Ich habe letztens relativ kurz mit jemadem über ein Internet-Forum kommuniziert und diese Unterhaltung dann wieder schnell verlassen. Das lag allerdings weniger am Inhalt, sondern an der Art, wie derjenige schrieb. Es fehlten einfach ganz grundlegende Textbausteine, unter anderem die Artikel an Stellen, wo eigentlich welche hingehören. Da mir dies schon häufiger aufgefallen ist, vor allem bei sehr jungen Leuten (Checker-Kiddies), frage ich mich mittlerweile, ob es immer mehr in Mode kommt, sich so schlampig auszudrücken. Ein Beispiel für diese Sprechweise wäre zum Beispiel der Satz "Ich war auf dem CSD". In dem konkreten Fall entfiel das Wort "dem" allerdings komplett. Heraus kommt ein ganz schrecklicher Satz. Ganz toll wird es erst, wenn man das "ich" auch noch weglässt. Auch solche Formen von "Freestyle-Deutsch" habe ich häufiger gehört beziehungsweise gelesen. Ihr wisst vermutlich, was ich meine.
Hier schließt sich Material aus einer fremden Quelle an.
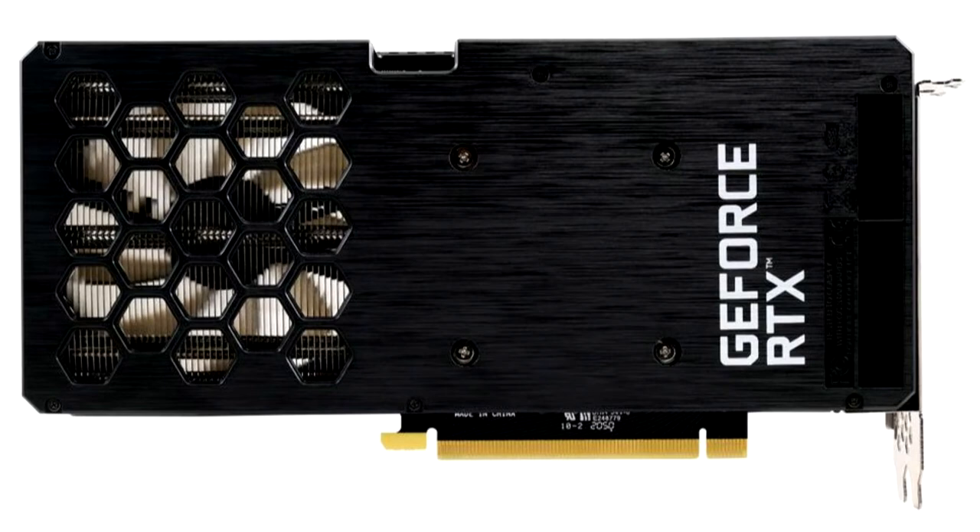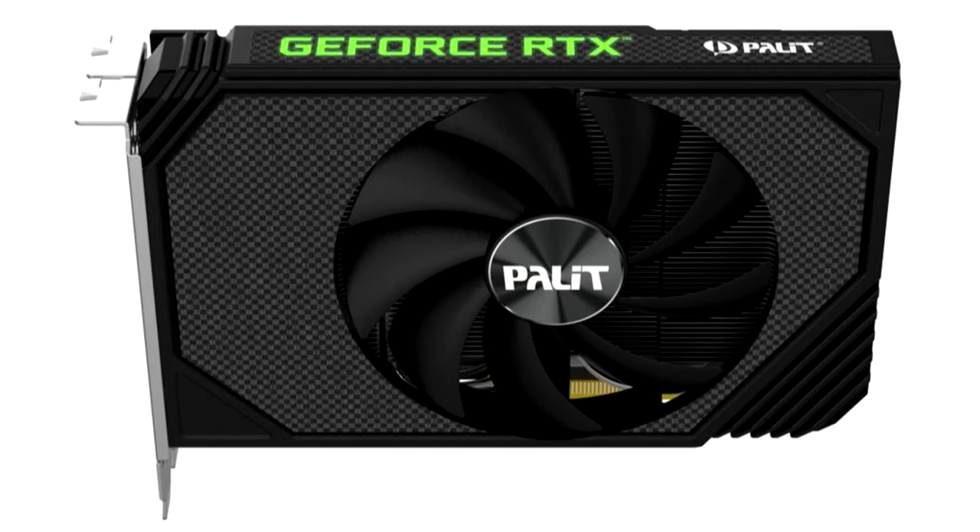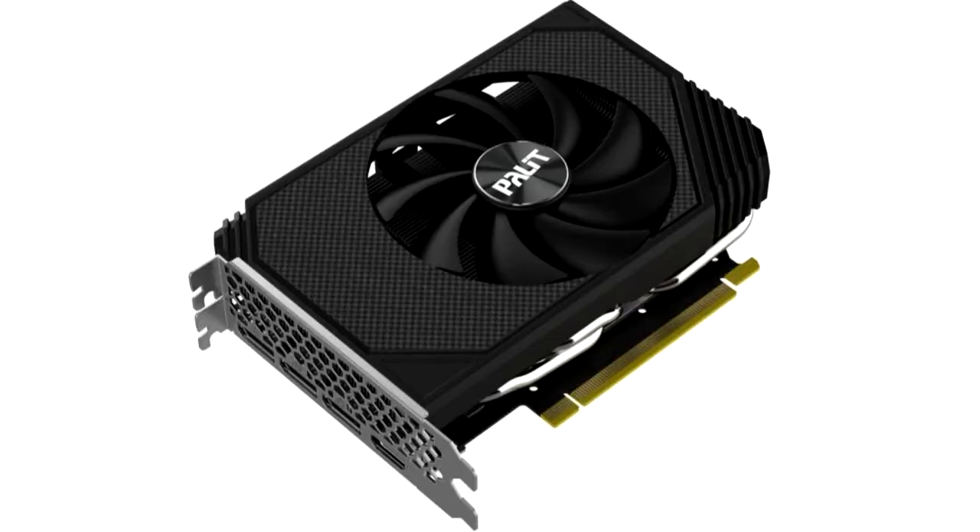GeForce RTX 3060 Dual is equipped with a simple aluminum heatsink and 290mm coolers. Interestingly, the fans will be able to operate in silent mode when the temperature of the graphics chip does not exceed certain values. The overall picture is spoiled by RGB lighting, but it is extremely simple and should not greatly increase the cost of the final product. The clock speeds start at 1,320 MHz in standard mode and can reach a maximum of 1,837 MHz.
Ich frage mich, warum sich Leute so eine Sprechweise angewöhnen. So etwas lernt man doch nirgendwo. In der Schule müsste man doch eigentlich darauf hingewiesen werden, wenn man so redet und auch schreibt. Zumindest in den Deutsch-Aufsätzen müsste es massenhaft Rechtschreibfehler hageln. Wie kommt es dann, dass es dennoch immer wieder Leute gibt, die trotzdem so fehlerhaft schreiben und sprechen? Anmerken möchte ich noch, dass es sich um einen Deutschen handelt - wie in den meisten Fällen dieser Art. Gerade diese Leute müssten doch eigentlich gelernt haben, aus welchen Bausteinen ein Text bestehen soll und was definitiv nicht vergessen werden sollte. Wenn jemand noch nicht lange Deutsch spricht, habe ich für so etwas eher Verständnis. Allerdings habe ich kaum Verständnis für Leute, die ihre eigene Muttersprache kaum beherrschen.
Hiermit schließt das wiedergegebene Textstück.